Exercise: Copy the records below character for character.

::::::::::

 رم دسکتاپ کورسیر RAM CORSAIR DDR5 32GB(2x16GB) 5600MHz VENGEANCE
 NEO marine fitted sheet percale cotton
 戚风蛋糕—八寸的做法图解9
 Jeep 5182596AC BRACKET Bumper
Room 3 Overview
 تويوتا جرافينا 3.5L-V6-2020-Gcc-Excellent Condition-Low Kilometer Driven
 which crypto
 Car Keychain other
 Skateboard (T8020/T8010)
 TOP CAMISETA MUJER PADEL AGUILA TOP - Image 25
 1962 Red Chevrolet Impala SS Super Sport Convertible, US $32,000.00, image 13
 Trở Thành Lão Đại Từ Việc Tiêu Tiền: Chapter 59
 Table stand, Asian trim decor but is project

::::::::::

Response to the exercise:
 رم دسکتاپ کورسیر RAM CORSAIR DDR5 32GB(2x16GB) 5600MHz VENGEANCE
 NEO marine fitted sheet percale cotton
 戚风蛋糕—八寸的做法图解9
 Jeep 5182596AC BRACKET Bumper
Room 3 Overview
 تويوتا جرافينا 3.5L-V6-2020-Gcc-Excellent Condition-Low Kilometer Driven
 which crypto
 Car Keychain other
 Skateboard (T8020/T8010)
 TOP CAMISETA MUJER PADEL AGUILA TOP - Image 25
 1962 Red Chevrolet Impala SS Super Sport Convertible, US $32,000.00, image 13
 Trở Thành Lão Đại Từ Việc Tiêu Tiền: Chapter 59
 Table stand, Asian trim decor but is project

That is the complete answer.